La gloire de mon père N°4 Janvier 2025 | OBSTACLE

PAU, UN HIPPODROME DURABLE POUR DURER

Écologie, sécurité des acteurs et spectacle.
Tour de piste des innovations et rénovations menées par son directeur, Jean Brouqueyre, arrivé à la direction de Pau il y a une quinzaine d’années. Son apparition correspondait à un besoin réel de professionnalisation de l’activité globale de l’hippodrome.
Les temps changeants et c’est à cette aune que va travailler Jean Brouqueyre.

Ouverture d’esprit
Sa position est celle-ci : « la richesse vient de l’extérieur » et compte tenu de la culture propre aux courses hippiques entendues comme un sport « à part », il fallait l’inscrire dans une société en rapide transformation. « Je pense qu’il faut désacraliser et démocratiser le monde des courses. Nous ne sommes pas étrangers à d’autres milieux. » Une reconnexion vitale, « des personnes venues d’autres domaines professionnels peuvent, à mon sens, tout à fait travailler chez France Galop ou sur l’hippodrome de Pau ». Quant à la richesse culturelle intrinsèque des courses hippiques, il admet naturellement qu’il n’est pas responsable de l’ADN des courses à Pau, qui en fait le deuxième hippodrome d’obstacle après Auteuil.
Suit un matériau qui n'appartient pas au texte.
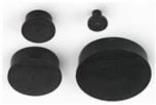 34229  Connectors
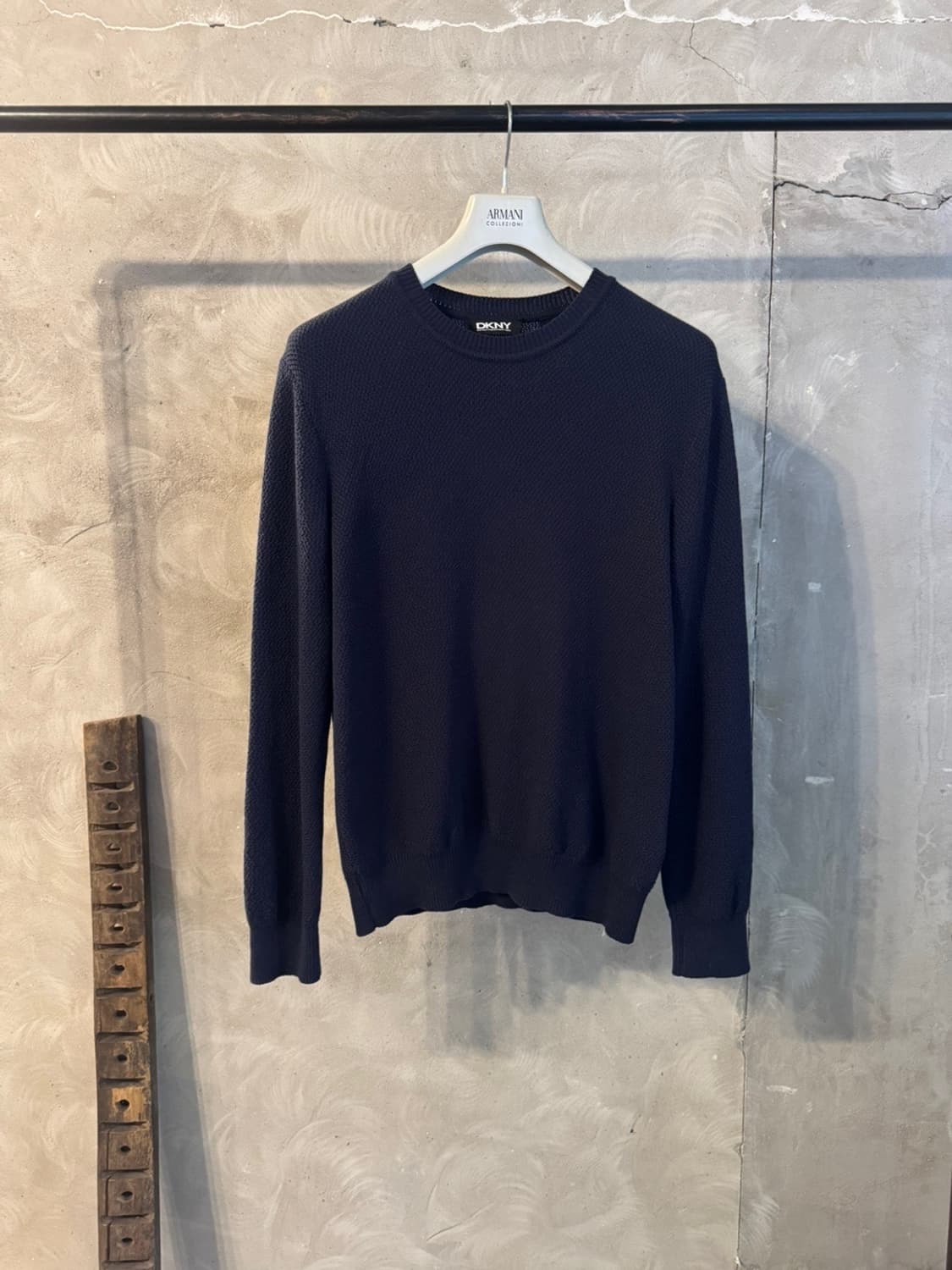 DKNY 니트 100~103 상품이미지10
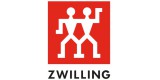 Zwilling Shop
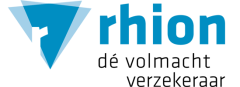 RhionNL identityLogo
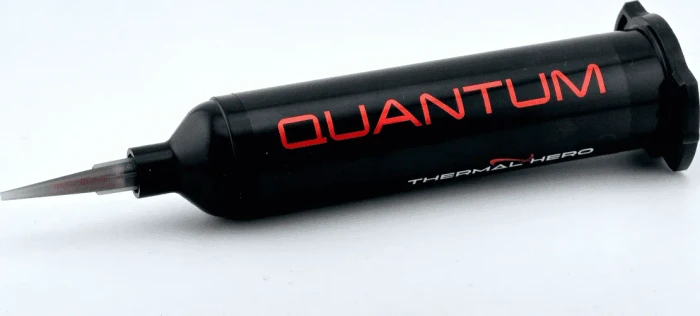 Thermal Hero QUANTUM Waermeleitpaste 50g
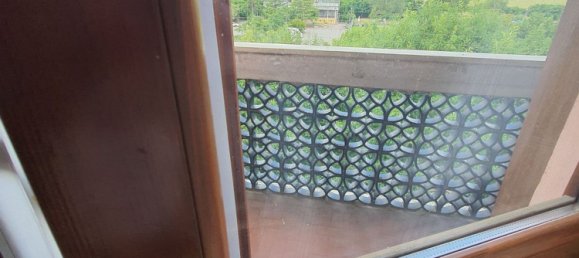 5 rooms Apartment in Novi Ligure, Italy No. 110884 33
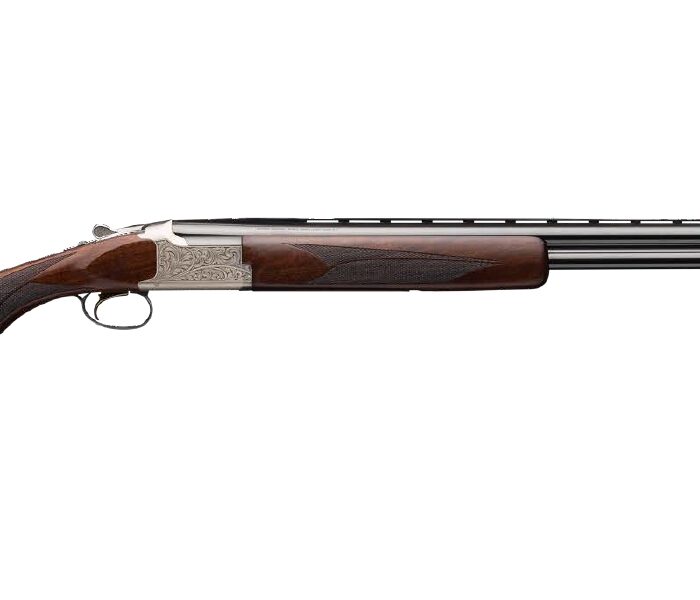 BROWNING CITORI FTHR LTG 20/26 3" BL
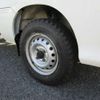 daihatsu hijet-truck 2009 -DAIHATSU--Hijet Truck EBD-S211P--S211P-0049954---DAIHATSU--Hijet Truck EBD-S211P--S211P-0049954- image 13
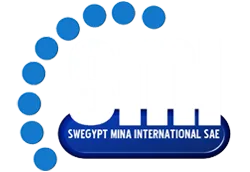 Swegypt Mina International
Améliorer l’accueil et le spectacle
« Quand il y a 14 000 personnes, c’est une belle affluence , nous sommes dans les meilleurs. Mais, au rugby, c’est une jauge standard. L’hippodrome doit être une pièce d’un édifice plus grand. Par exemple, la gratuité nous permet d’avoir du monde et donc de nouer des partenariats. C’est aussi 350 000 euros de chiffre d’affaires rien qu’en restauration . La configuration des lieux est également très importante. Nous avons modifié le rond. Les gens veulent voir les chevaux, ils sont au cœur du spectacle. On a fait une allée centrale pour permettre à quiconque de les voir arriver. On a installé un podium inspiré de ce qui se fait à Cheltenham. » Moins d’espaces réservés ne veut pas dire gommer le protocole des courses. « Il ne faut pas aseptiser les courses, il n’y a rien de plus beau qu’un cheval bien brossé, bien préparé avec sa couverture, son surtapis avec son numéro de course, c’est l’essentiel de l’attraction, il ne faut pas renier ce que nous sommes. » Vivre avec son temps. Suivant son idée d’être « une institution qui vit avec son temps, ce qui sert notre image, notre notoriété », d’autres améliorations, moins visibles pour le profane mais qui peuvent le rassurer s’il est sensible à la santé des chevaux et des jockeys, ont été apportées sur les pistes. Tout est fait pour réduire les d’accidents. « Les statistiques des chutes à Pau n’ont pas toujours été bonnes, nous sommes aujourd’hui l’un des meilleurs hippodromes, avec 3,5 % de chutes sur l’année. La rénovation des obstacles sert la sécurité. Il s’agit de s’adresser à un public éloigné des courses pour être davantage en phase avec son ressenti. Tous les obstacles ont été refaits. On a gardé des obstacles naturels, mais on a de la brande synthétique, des haies en genêt naturel. Nous avons remplacé les barres d’appel en bois par des plus souples en polyéthylène. Nous avons recalibre les obstacles. Leur physionomie a changé en augmentant l’extension des chevaux, en avançant la barre d’appel, ce qui signifie qu’ils passent à travers la haie. » Ce travail n’est qu’une part de l’adaptation à de nouvelles exigences sociétales. « C’est un tout et cela demande du personnel. » Un hippodrome, pour vivre, doit diversifier ses activités, mais pas n’importe comment.

Contrer l’ hiver
Dernier défi relevé, faire face à la météo hivernale. Courir en hiver oblige à porter un soin particulier à l’entretien des sols. Si, en journée, le soleil est présent, le terrain peut geler la nuit. Au matin, des draps de brumes ondoient au-dessus des pistes et, tant pour le confort des chevaux que pour préserver les pistes, il faut veiller à ce que les « plaies » de la pelouse cicatrisent. « Le sol est comme il est, il faut aller dans son sens. Pour cela, il faut conserver une hauteur de gazon de 15 à 18 cm pour protéger le sol des intempéries, du gel, arroser pour maintenir la souplesse du terrain. Nous avons une spécificité, on corde les pistes pour forcer les concurrents à ne pas toujours emprunter la même trajectoire, car, si le sol est abîmé, il est difficile de le reprendre. Si la terre est à nu, elle gèle davantage. Sur un obstacle, il faut toujours conserver 12 mètres de large. Dans les virages, on va bouger les cordes pour les modifier. Chaque lendemain de réunions, 40 personnes s’occupent du terrain. » Certains professionnels sont peu réceptifs à ces innovations, mais un directeur est là pour diriger. « Disons que je vais au bout de mes idées, je suis là aussi pour me faire respecter, dans le bon sens du terme. Ça ne veut pas dire que je ne suis pas à l’écoute. » Il l’est, en tout cas, de son temps.